▶ SOURCE DATA:
◇ ◇ ◇ ◇ ◇
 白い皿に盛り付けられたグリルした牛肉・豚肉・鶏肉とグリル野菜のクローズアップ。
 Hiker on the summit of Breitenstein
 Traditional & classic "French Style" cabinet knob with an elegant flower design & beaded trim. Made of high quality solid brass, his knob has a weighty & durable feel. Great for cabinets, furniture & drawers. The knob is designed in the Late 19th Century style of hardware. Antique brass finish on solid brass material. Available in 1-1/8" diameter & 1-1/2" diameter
◇ ◇ ◇ ◇ ◇
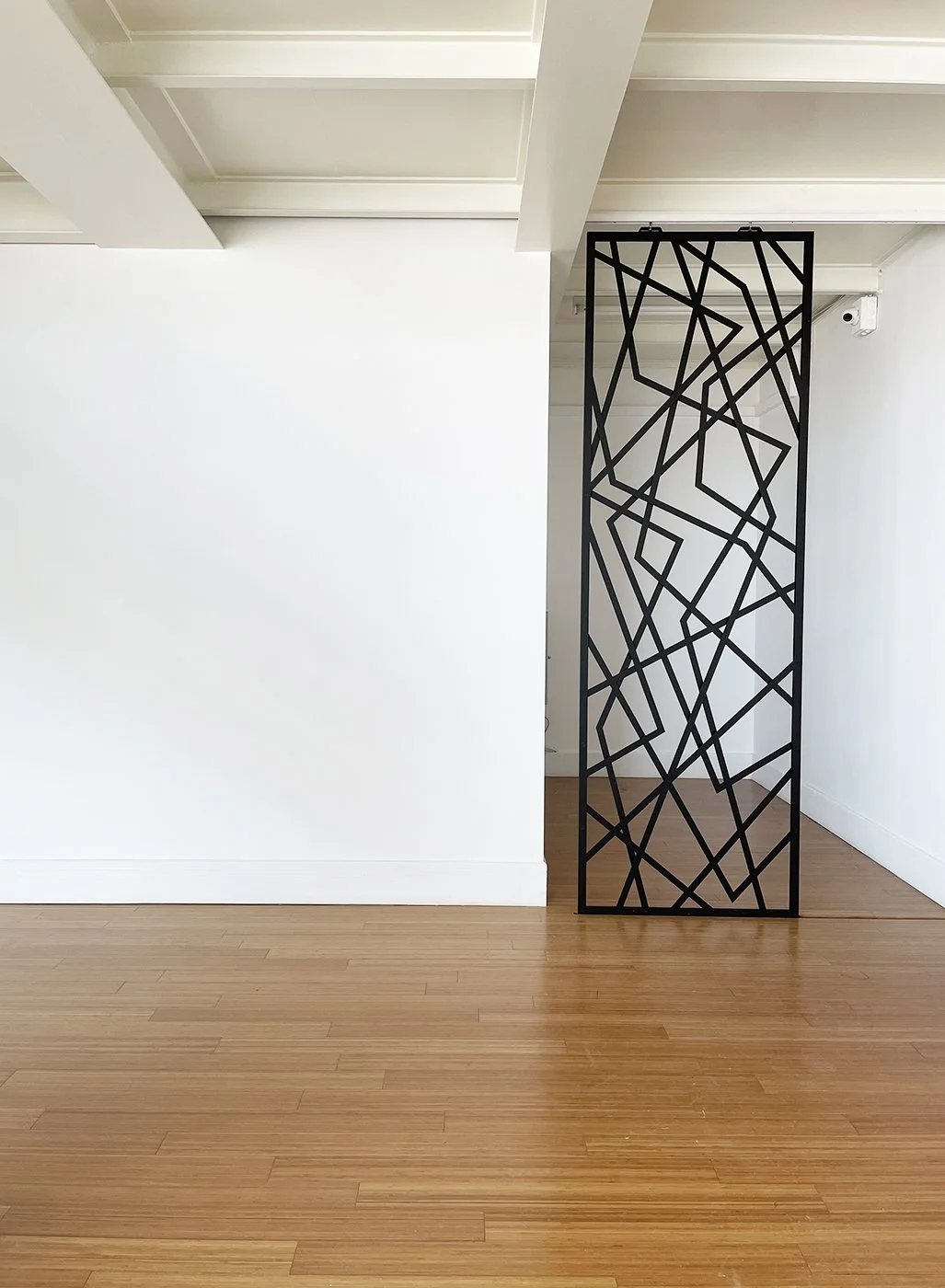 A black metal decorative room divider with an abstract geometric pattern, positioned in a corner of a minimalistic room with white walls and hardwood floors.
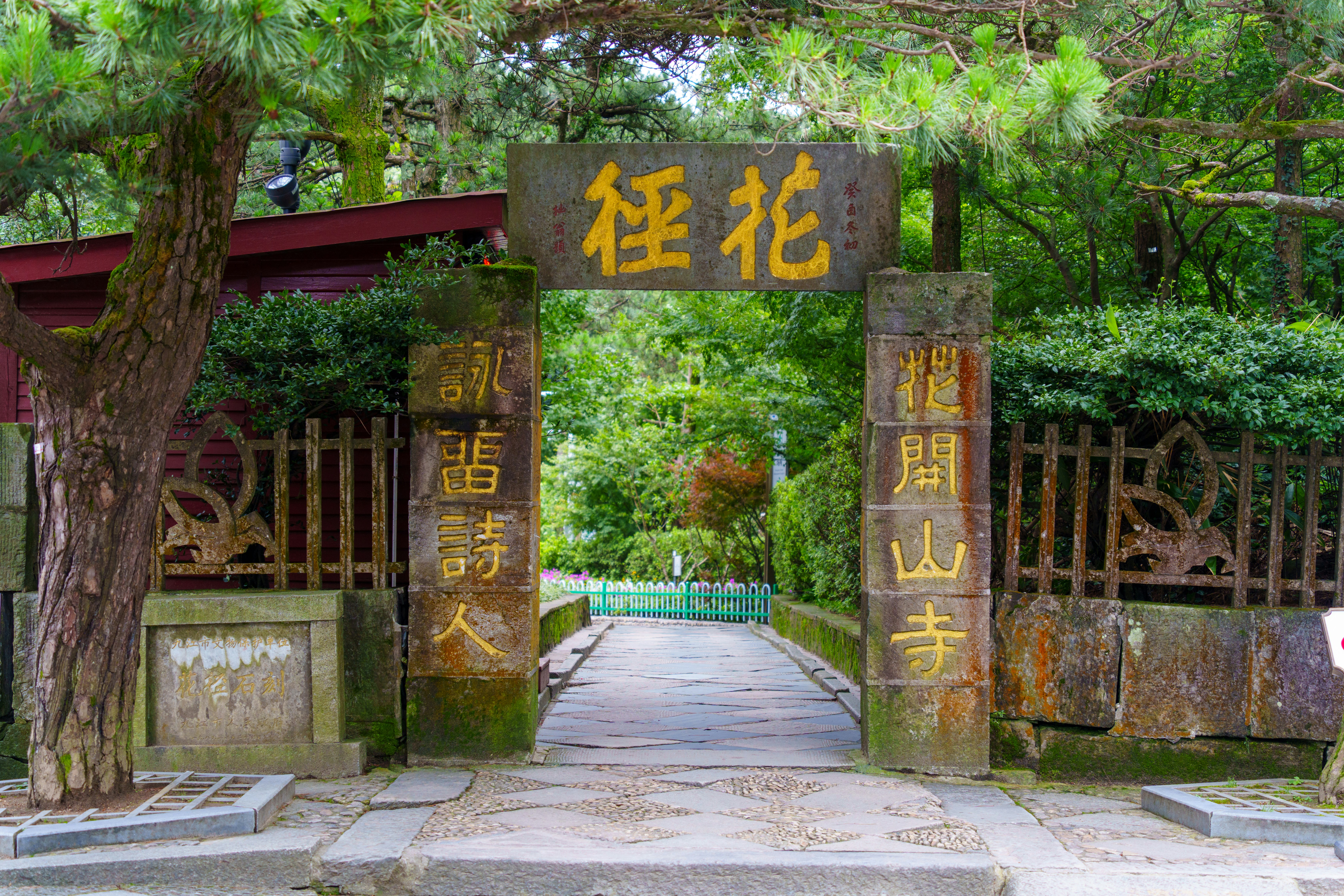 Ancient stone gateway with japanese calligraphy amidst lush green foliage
◇ ◇ ◇ ◇ ◇
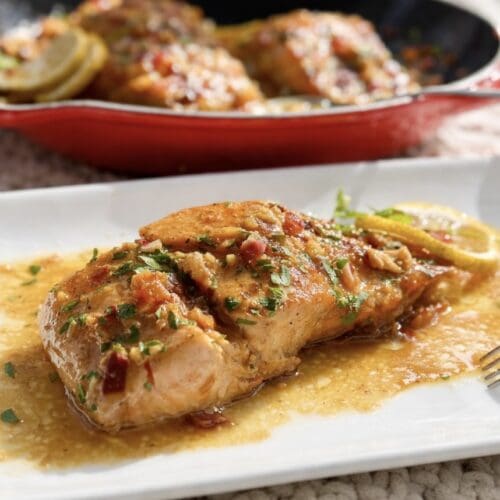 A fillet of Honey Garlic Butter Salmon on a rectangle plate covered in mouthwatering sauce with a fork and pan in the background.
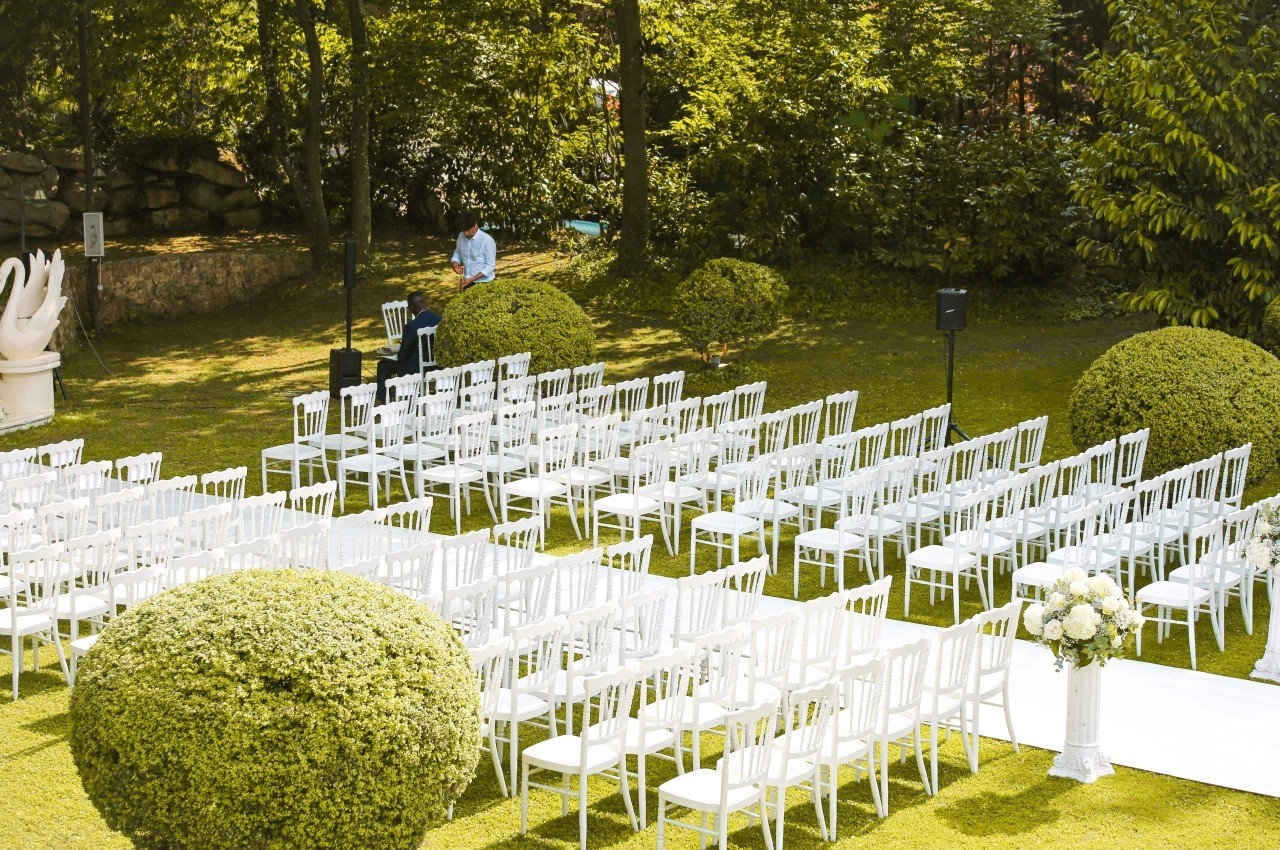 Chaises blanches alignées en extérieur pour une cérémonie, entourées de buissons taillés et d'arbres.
◇ ◇ ◇ ◇ ◇
Reproduce word for word the material above, beginning with the line that contains "白い皿に盛り付けられたグリルした牛肉・豚肉・鶏肉とグリル野菜のクローズアップ。" and ending with the line that contains "Traditional & classic".

▶ OUTPUT FOR THIS TASK:
 白い皿に盛り付けられたグリルした牛肉・豚肉・鶏肉とグリル野菜のクローズアップ。
 Hiker on the summit of Breitenstein
 Traditional & classic "French Style" cabinet knob with an elegant flower design & beaded trim. Made of high quality solid brass, his knob has a weighty & durable feel. Great for cabinets, furniture & drawers. The knob is designed in the Late 19th Century style of hardware. Antique brass finish on solid brass material. Available in 1-1/8" diameter & 1-1/2" diameter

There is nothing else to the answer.